The click latency is very low and very consistent. This ensures a very responsive experience, and even the most competitive gamers shouldn't notice any delay when playing.
While the Endgame Gear XM1 has compatible software, it's pretty bare-bones. The app allows you to enable/disable the side buttons and the scroll wheel middle click, but it doesn't really allow you to program inputs. Other than that, you can set your preferred sensor settings like CPI sensitivity, but that's about it.
The mouse works on both Windows and macOS, but you don't have access to the software on macOS. Also, since the mouse doesn't have on-board memory, you can't customize it on Windows and bring it with all the settings to a Mac computer after.
The Endgame Gear XM1 is available in both white and black. We reviewed the white model, but we expect our review to be valid for the black one as well. It's also worth noting that the previous version of this mouse featured a rubber cable that wasn't as nearly flexible and light as the newest batch of XM1s.
The Endgame Gear XM1 is a great gaming mouse. It's made for people who are looking for excellent performance, light weight, and would prefer a full-body shell over a honeycomb pattern like the Glorious Model O or the Finalmouse Ultralight 2 - Cape Town. For more options, check out our recommendations for best gaming mice, the best wireless gaming mice, and if you're on a tighter budget, take a look at our picks for the best cheap gaming mice.
The Endgame Gear XM1 and the Glorious Model O are two great ultralight gaming mice. The XM1 is slightly heavier, but it feels better-made thanks to its solid shell body. Its cable also feels a bit better than the Model O's. Its CPI range is also wider and can be customized more precisely. On the other hand, the Model O's lift-off distance is shorter, and thanks to its software, you can reprogram all six buttons, which you can't do on the XM1. The Glorious also has RGB lighting, while the XM1 has a more sleek and plain design.
The Logitech G Pro Wireless and the Endgame Gear XM1 are two very different mice. The Logitech can be used wirelessly and has a comfortable shape that can be used by pretty much anyone. The Logitech also has an amazing compatible app for customization and features full reprogrammable inputs. However, it's not as light as the XM1 and doesn't feel as well-built.

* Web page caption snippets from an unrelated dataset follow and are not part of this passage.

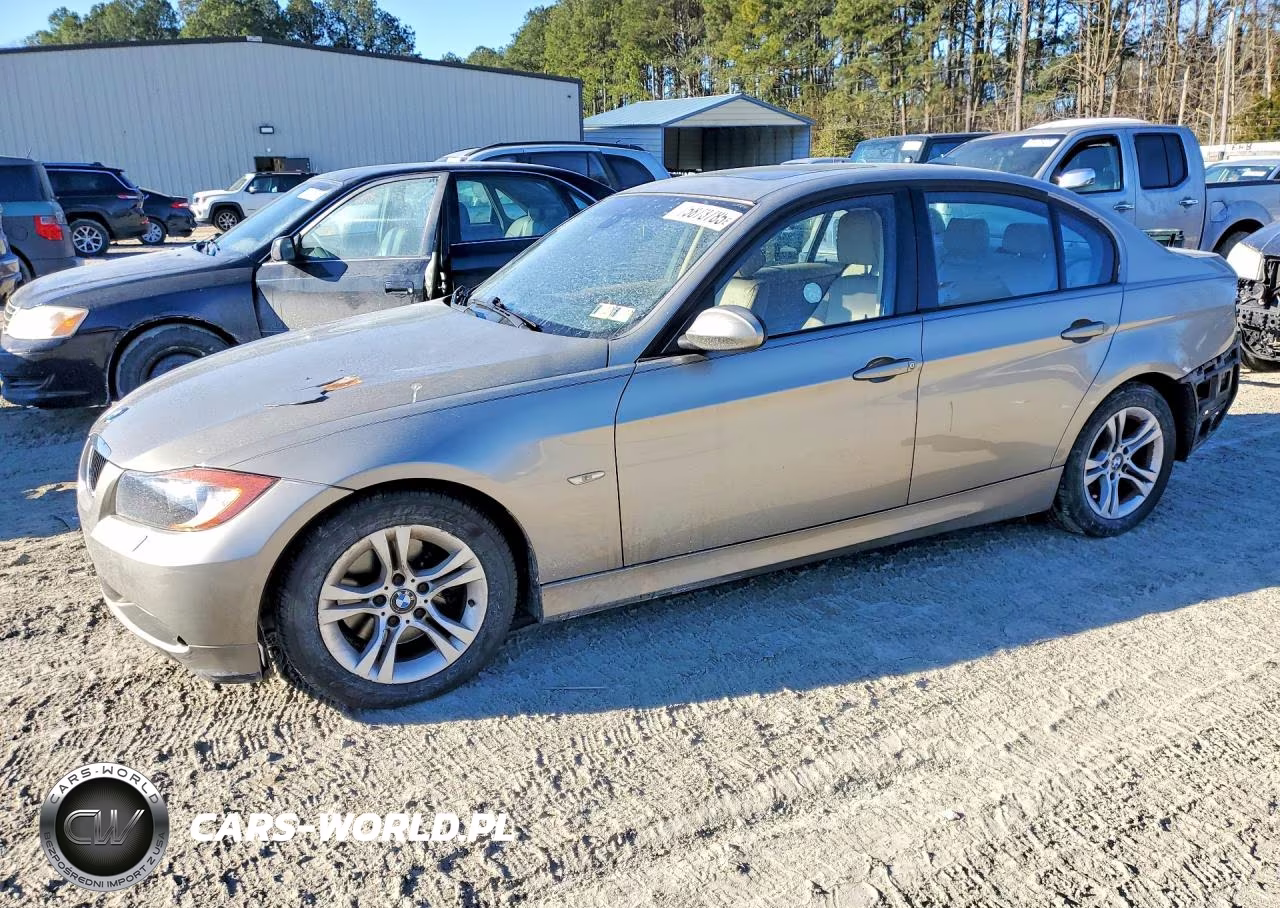 2008 BMW 328 Xi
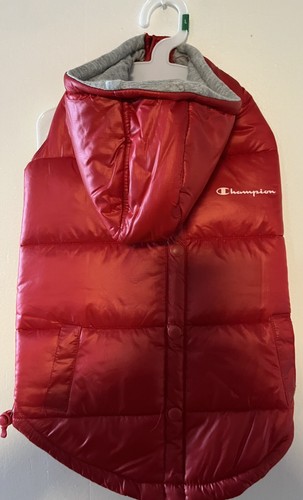 Champion dog puffer coat - puffer,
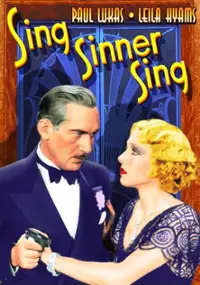Plakat filmu Sing, Sinner, Sing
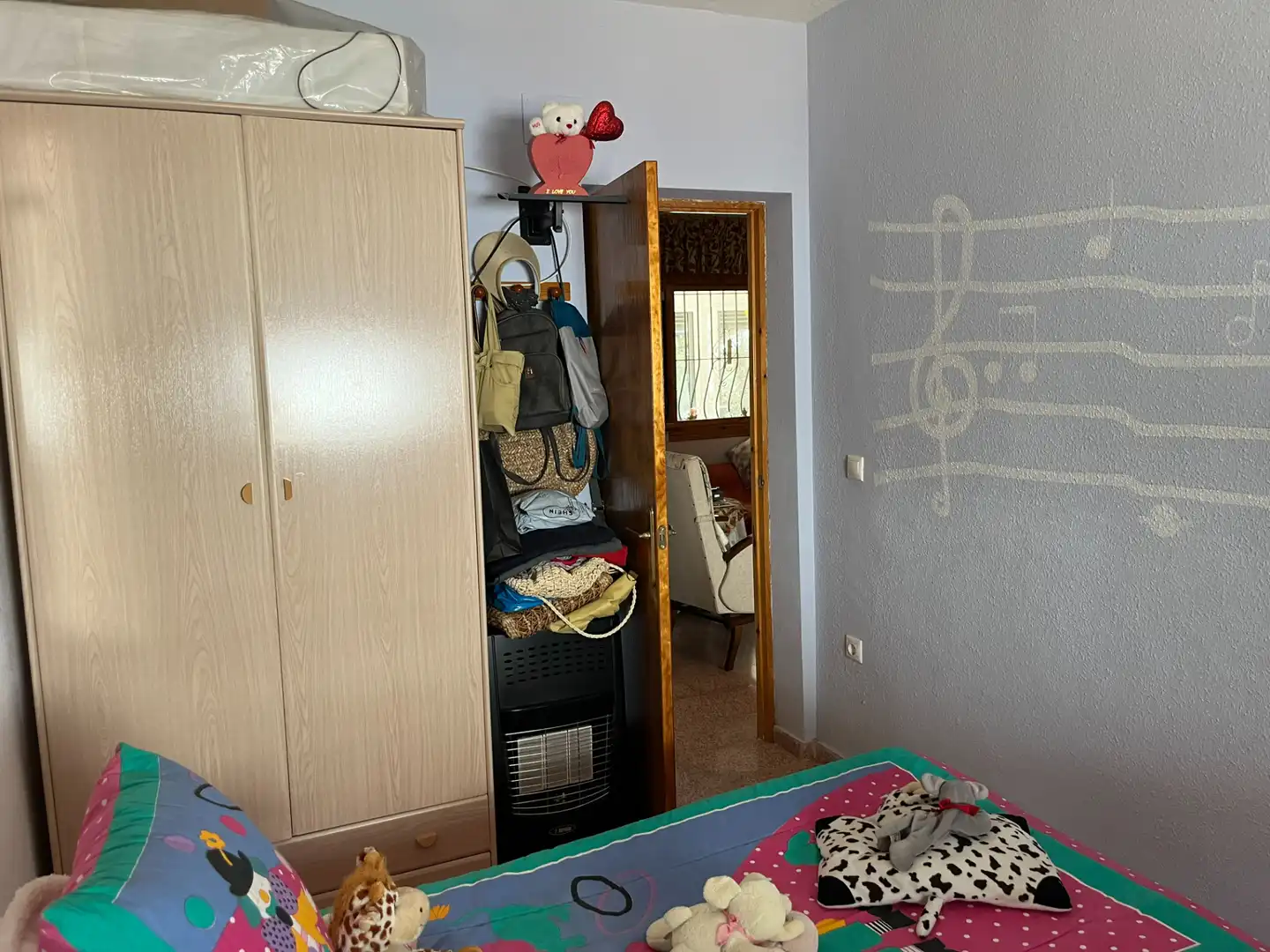 Habitación de Casa o chalet en venta en Jijona / Xixona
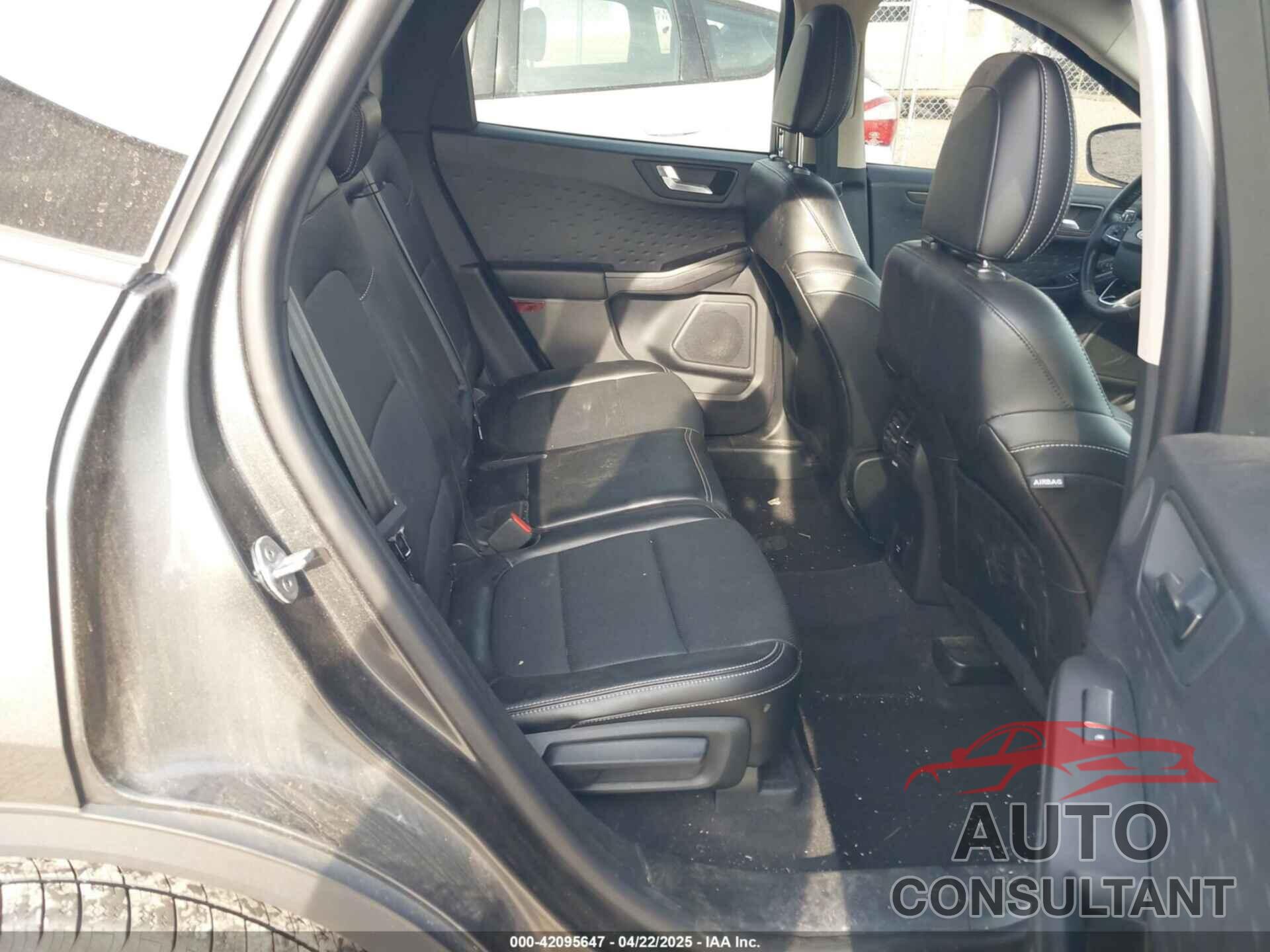 FORD ESCAPE 2020 - 1FMCU9J91LUA21970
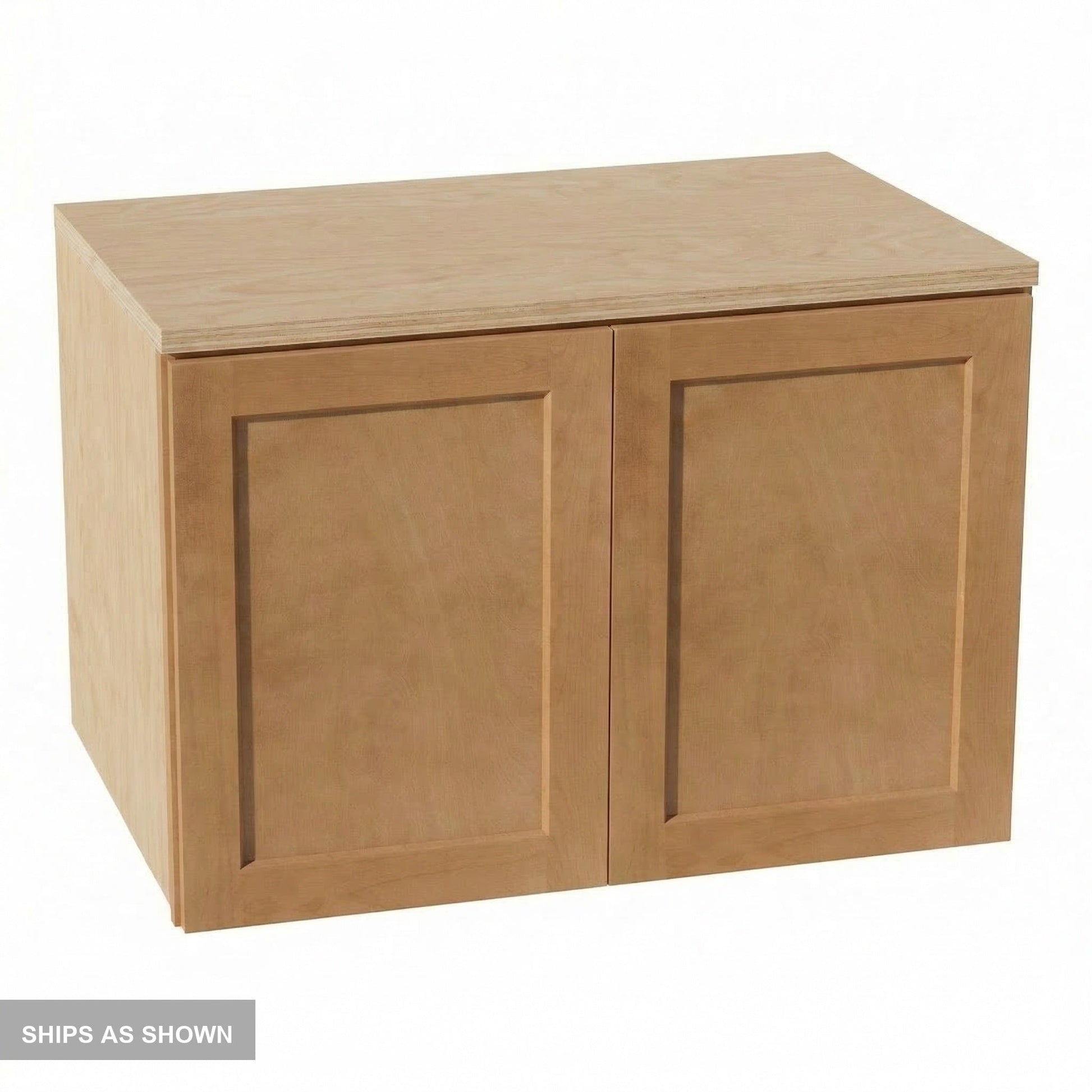 Shaker Bridge Wall Cabinet 36" (W362424) · Ardelle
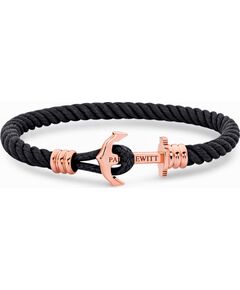 BRACELET PAUL HEWITT UNISEX PHL-N-R-B-S (15-16CM ) Bižutērija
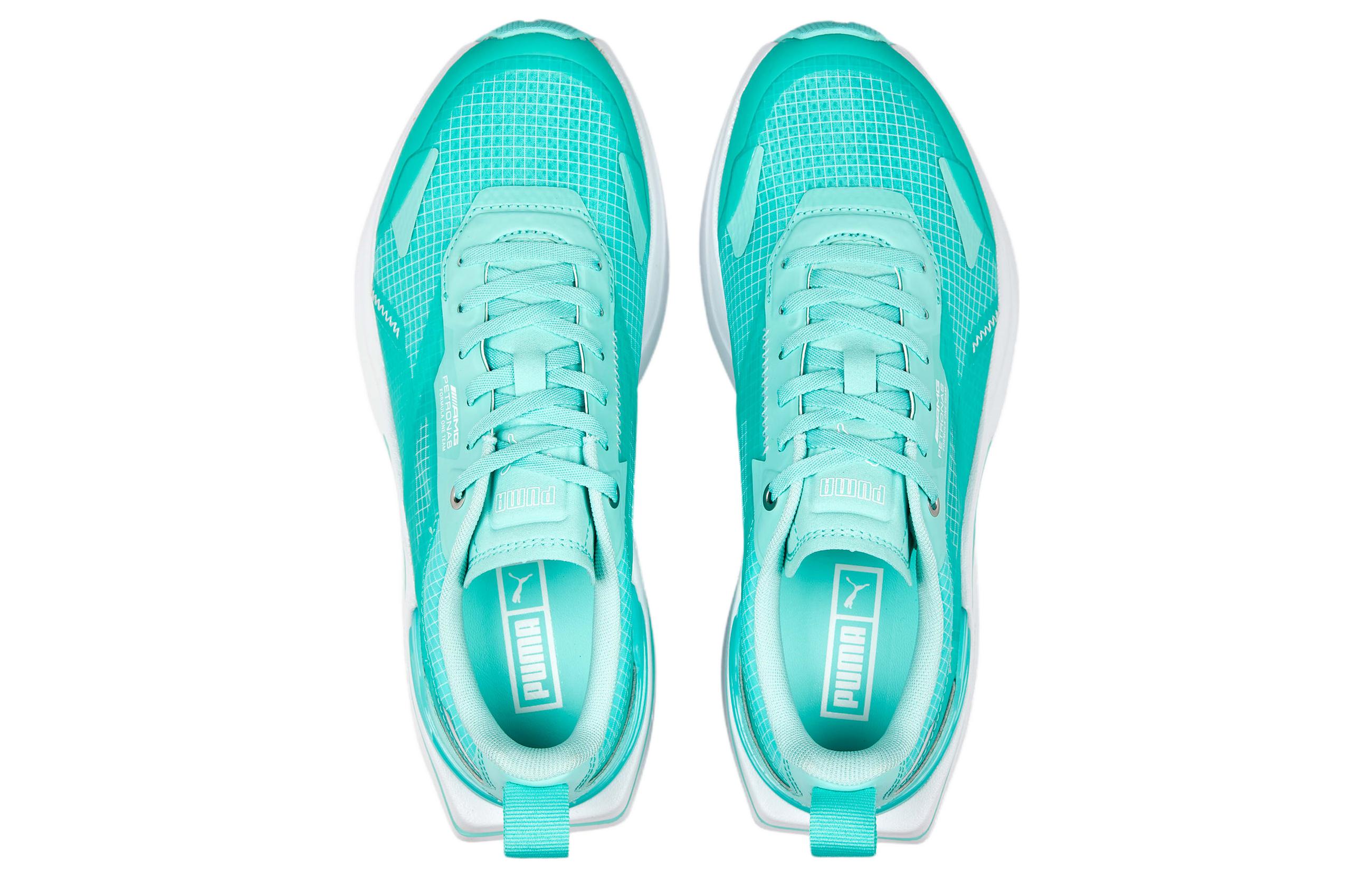 Shop (W) Mercedes-AMG Petronas F1 x Puma Kosmo Rider ''Menthe'' 307652-02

The Razer Viper is overall a better gaming mouse than the Endgame Gear XM1, but the Endgame might be a better choice if you prefer using a palm grip. The Razer has an ambidextrous, short design that is suitable for almost any hand size when using a fingertip grip. Also, it has many more programmable inputs, customizable RGB lighting, and a lower minimum lift-off distance. On the other hand, the Endgame's cable is more flexible.
The HyperX Pulsefire Haste and the Endgame Gear XM1 are both excellent ultra-light gaming mice. The HyperX is more lightweight and a bit more comfortable to use. Its lift-off distance is lower, meaning that the sensor shouldn’t track your movement when you’re repositioning the mouse. It also has a lot more programmable inputs considering that none of the Endgame’s buttons are programmable. That said, the Endgame has slightly better feet and its cable is a bit more flexible. Its CPI range is also a little bit wider and has less variation, and its click latency is slightly better, though the difference shouldn’t be very noticeable.